Worth testing on your patch.

@eddelbuettel before & after this PR I get the following when I run that:

Schema
soma_joinid: int64 not null
int: int32 not null
str: dictionary<values=string, indices=int8> not null
Error in self$open("WRITE", internal_use_only = "allowed_use") :
  tiledb_timestamp not yet supported for WRITE mode
Calls: <Anonymous> -> <Anonymous> -> <Anonymous> -> stopifnot
Execution halted

This PR should be merged to remove a known defect from the C++ implementation and we can continue from there.
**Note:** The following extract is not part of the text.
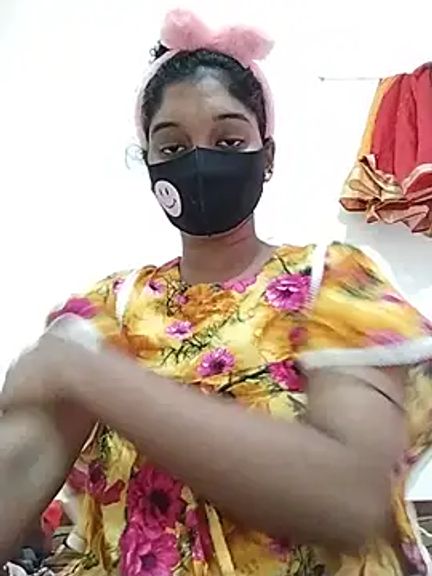 Dipti-2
eddelbuettel commented 2 months ago

@johnkerl when you said above

[...] when I run that:

where you on main or on my branch adding this feature? For me, on the branch, freshly rebased to the current main, all is now good. I altered the test script to show a tibble as we now get a correct arrow dictionary and all is well:

[ ... ]
# A tibble: 5 × 3
  soma_joinid   int str  
        <int> <int> <fct>
1           6   106 c    
2           7   107 b    
3           8   108 c    
4           9   109 c    
5          10   110 b    
$ 

But that is on the de/sc-52516/timestamprange branch.

johnkerl commented 2 months ago

Good to know -- awesome @eddelbuettel ! :)

eddelbuettel commented 2 months ago

Branch should hopefully be ready "Real Soon Now (TM)" too.